As someone who has hired designers over the years for various startups, I agree.
The author seems to conflate UX with visual design or graphic design. They are not the same thing and often aren't done by the same person.
I've had fantastic UX designers who, frankly, can't get perfectly laid out pixel perfect work done or do eye candy. I've had UI/graphic designers who were awful at figuring out flow.
I've had people who are great at both. But one thing is certain, I want my products to be intuitive AND sexy because there is a certain subset of the market that will try your product just because it looks professionally designed and is on trend. There is a high overlap of those people with taste makers and I need those people using my product.
The author isn't conflating. That is what the words mean, and "UX" is the made up wank word. It's the "Web 2.0." of the design world.
I'm pretty sure "UX" was created as a term in response to the market getting flooded with stylists (interested amateurs) calling themselves "designers". I'm interested to see what you believe to be the distinction between "visual design" and "graphic design".
Traditionally, Graphic design is about how it works, with how it looks (what you call "eye candy") being secondary to (but still a part of) function. This is the sort of thing you can learn if you read books instead of just reading blog posts.
And clearly, the definition of "graphic design" has been watered down to the point of irrelevance, and replaced with "UX". sure, fine call yourself whatever you want. But what makes you think UX won't get similarly watered down? The problem isn't the word itself, it's that the culture as a whole doesn't value design, including "designers". (in your language, the culture doesn't value "UX")
Of course language is designed* by its users, and for the moment, it seems that we have indeed fully rotated our hierarchy words a notch down over the past 20 years. But please let us not be ignorant of history, and tradition, and what "graphic design" actually is (Or at least.. .used to be) and that the whole totem pole of design and designers is sliding on a downward trajectory. (I blame adobe for making it look easy. you could always look more convincingly like a skilled professional while operating a huge desk sized typesetting machine and laying out magazines by hand with paper, exacto blades, and photographic color separations)
But sure, maybe inventing new wank words will prop up our careers for 5 more years. It's good marketing. it's good design, to invent words, to sell ourselves. Inventing a new word for "design" is a very designery thing to do. You can make design seem interesting and exciting again by giving it a new flashy buzzword. That will only take you so far though, until the novelty wears off, and suddenly you find everyone believes "UX" means "interested amateur who can make eye candy in photoshop" again.

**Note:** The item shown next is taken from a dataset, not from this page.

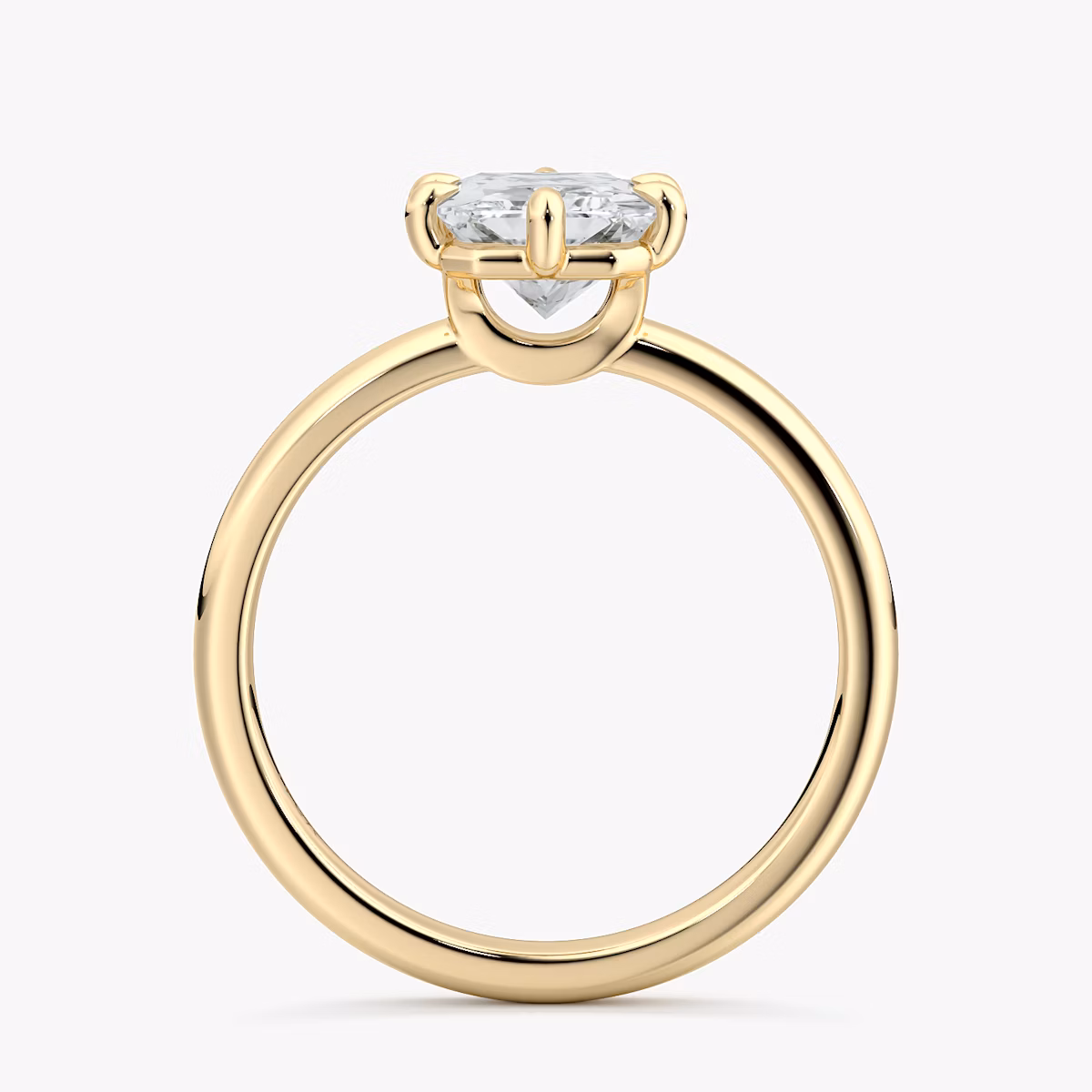 The Signature 6 Prong | Radiant | 18k | Yellow Gold | bandAccent: Plain | bandWidth: large | hiddenHalo: no | diamondOrientation: vertical | caratWeight: other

* see what I did there? "Design" being used to denote the decisions involved in how something works and is experienced, with no reference to how anything looks. Imagine that.

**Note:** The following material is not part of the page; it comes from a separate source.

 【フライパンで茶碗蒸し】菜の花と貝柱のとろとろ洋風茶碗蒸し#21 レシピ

I can't tell if you're saying that visual/graphic designers are saying they are doing "UX", or if "UX" people are really just hand-waving visual designers?
I got lost around "wank word" and UX being the "Web 2.0 of the design world." Most UX people I know are focused on user research, usability, information architecture, and interaction design. I'd say maybe, 1 in 5 are visual designers, and maybe 1 in 3 have any passable graphic design skill at all.
Maybe you're saying that people will be just called "user researcher", "information architect", etc etc and not use the word UX. But I think "wank word" is a tad inaccurate.
I am saying that "Design" encompasses a lot of skills, many of which are "invisible" to most laymen- much in the same way that most of the code a developer writes is "invisible" making two pieces of software that outwardly appear to operate identically, can, in terms of code structure, maintainability, be vastly different in quality.
Most people in hiring positions couldn't give two shits that a designer is supposed to do more than just make things pretty- And so they hire people who call themselves "designers" that actually are little more than glorified photoshop operators. Why? because these "designers" are cheaper than these other "designers" and it's not obvious why. The amateurs undercut the professionals.
This puts the real designers, the ones with educations, that actually know design principles, typography, psychology, etc, and have years of experience- in the difficult situation of having to distinguish themselves from these interested amateurs- these "stylists". So I believe, in a turn of marketing genius, some designers came up with the term "UX", and insist that it is NOT this lowly "design" thing, as you know it. It's this totally different thing that is /more/ than just making things look pretty.
Even though, all the things under the "UX" banner are familiar to people with design educations as "design".
That's what "Design" is. UX is just "Design". These are the normal things that you have to do to make a design work.
But how do you communicate that? How do you communicate that Javascript and HTML are capable of so much more now, than they were 5 years ago? You come up with a buzz word. Ajax. Web 2.0. HTML5. To experts who actually know their craft, these are obvious wank words. Meaningless checkboxes that accountants and recruiters can look for on resumes, designed to repackage skills that are decades old as something new and exciting.
But this is hacker news. We shouldn't have to use bullshit marketing terms here. That's for recruiters. That's for clients. Cut the shit, I say. Use the real words with their real meanings.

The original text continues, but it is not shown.